Lund Plane to Bloch (LP2B) Encoding for Object and Polarization Tagging with Quantum Jet Substructure
Fabrizio Napolitano, Luca Della Penna, Tommaso Tedeschi, Livio Fan\`o

TL;DR
This paper introduces the LP2B encoding and a quantum neural network for jet substructure analysis, achieving competitive performance with fewer parameters and better robustness than classical methods.
Contribution
The work presents a novel quantum encoding and architecture for jet tagging that matches classical deep learning performance with significantly fewer parameters and improved robustness.
Findings
QTTN matches LundNet in polarization tagging performance.
QTTN requires three orders of magnitude fewer parameters.

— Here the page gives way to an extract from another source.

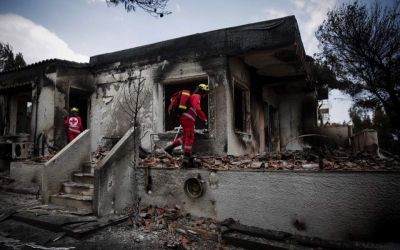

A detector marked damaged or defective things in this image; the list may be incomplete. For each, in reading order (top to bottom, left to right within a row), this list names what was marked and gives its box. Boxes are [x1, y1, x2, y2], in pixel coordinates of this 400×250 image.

charred doorframe [160, 74, 209, 132]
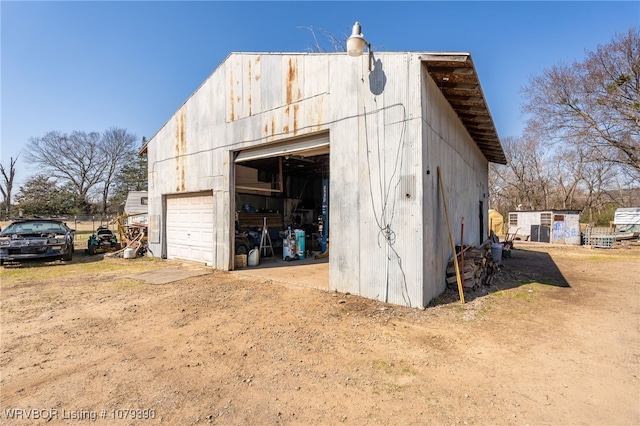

QTTN outperforms classical methods in low-data regimes.
Abstract
The application of quantum algorithms to jet substructure analysis is of growing interest as NISQ hardware continues to mature in qubit count and gate depth. Jet substructure remains essential for addressing demanding and complementary challenges at the LHC and beyond, notably object classification and polarization tagging. However, existing quantum machine learning approaches typically rely on data representations that suffer from infrared and collinear unsafety, sensitivity to non-perturbative effects, or poor scalability. In this work, we introduce the Lund Plane to Bloch (LP2B) encoding, designed to map a theoretically clean and robust representation of jet kinematics directly into qubit states. Leveraging this encoding, we implement a Quantum Tree-Topology Network (QTTN) that natively embeds the hierarchical structure of the Lund tree. We evaluate the QTTN across multiple…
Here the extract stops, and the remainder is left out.